## Excerpted records
----------

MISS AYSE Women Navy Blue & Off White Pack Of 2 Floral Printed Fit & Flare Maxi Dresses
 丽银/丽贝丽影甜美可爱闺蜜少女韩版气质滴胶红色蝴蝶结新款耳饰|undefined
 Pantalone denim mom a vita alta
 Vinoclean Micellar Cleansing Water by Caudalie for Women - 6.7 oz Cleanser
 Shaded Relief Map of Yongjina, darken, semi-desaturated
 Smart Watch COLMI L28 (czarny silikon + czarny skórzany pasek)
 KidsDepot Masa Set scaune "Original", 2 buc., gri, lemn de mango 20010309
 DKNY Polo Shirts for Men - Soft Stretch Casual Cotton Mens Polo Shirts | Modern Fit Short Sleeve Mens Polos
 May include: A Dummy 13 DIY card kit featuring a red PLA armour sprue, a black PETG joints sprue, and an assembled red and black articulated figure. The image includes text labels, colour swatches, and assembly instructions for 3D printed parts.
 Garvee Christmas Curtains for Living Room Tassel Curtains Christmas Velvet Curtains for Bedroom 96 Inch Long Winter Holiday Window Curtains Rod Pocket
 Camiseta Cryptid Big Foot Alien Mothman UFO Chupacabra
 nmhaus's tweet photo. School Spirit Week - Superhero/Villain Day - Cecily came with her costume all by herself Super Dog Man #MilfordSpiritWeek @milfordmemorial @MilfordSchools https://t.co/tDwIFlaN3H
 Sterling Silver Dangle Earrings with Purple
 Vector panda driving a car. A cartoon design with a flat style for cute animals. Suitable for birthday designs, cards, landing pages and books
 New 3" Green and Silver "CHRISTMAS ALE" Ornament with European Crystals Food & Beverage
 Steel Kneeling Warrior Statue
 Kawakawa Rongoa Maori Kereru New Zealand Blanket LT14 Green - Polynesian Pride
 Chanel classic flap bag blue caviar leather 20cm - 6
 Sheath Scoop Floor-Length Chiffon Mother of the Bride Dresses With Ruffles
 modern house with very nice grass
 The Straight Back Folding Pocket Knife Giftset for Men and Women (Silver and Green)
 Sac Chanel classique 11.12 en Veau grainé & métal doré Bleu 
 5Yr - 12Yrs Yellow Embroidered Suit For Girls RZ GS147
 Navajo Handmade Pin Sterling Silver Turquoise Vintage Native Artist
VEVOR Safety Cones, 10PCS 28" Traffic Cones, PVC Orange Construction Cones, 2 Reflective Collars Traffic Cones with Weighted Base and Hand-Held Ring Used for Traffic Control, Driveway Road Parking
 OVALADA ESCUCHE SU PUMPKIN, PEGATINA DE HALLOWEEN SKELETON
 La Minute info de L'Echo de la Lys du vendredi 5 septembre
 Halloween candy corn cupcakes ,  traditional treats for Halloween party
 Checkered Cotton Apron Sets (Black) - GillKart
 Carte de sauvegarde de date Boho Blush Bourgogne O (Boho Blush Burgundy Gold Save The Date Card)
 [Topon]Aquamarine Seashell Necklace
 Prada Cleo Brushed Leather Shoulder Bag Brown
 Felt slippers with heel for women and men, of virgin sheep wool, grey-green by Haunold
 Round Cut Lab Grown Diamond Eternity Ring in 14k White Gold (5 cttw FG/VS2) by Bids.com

----------

Each line from the top of the records above through the line containing "DKNY Polo Shirts" needs to be transcribed exactly, and no line after it.

## Reply
MISS AYSE Women Navy Blue & Off White Pack Of 2 Floral Printed Fit & Flare Maxi Dresses
 丽银/丽贝丽影甜美可爱闺蜜少女韩版气质滴胶红色蝴蝶结新款耳饰|undefined
 Pantalone denim mom a vita alta
 Vinoclean Micellar Cleansing Water by Caudalie for Women - 6.7 oz Cleanser
 Shaded Relief Map of Yongjina, darken, semi-desaturated
 Smart Watch COLMI L28 (czarny silikon + czarny skórzany pasek)
 KidsDepot Masa Set scaune "Original", 2 buc., gri, lemn de mango 20010309
 DKNY Polo Shirts for Men - Soft Stretch Casual Cotton Mens Polo Shirts | Modern Fit Short Sleeve Mens Polos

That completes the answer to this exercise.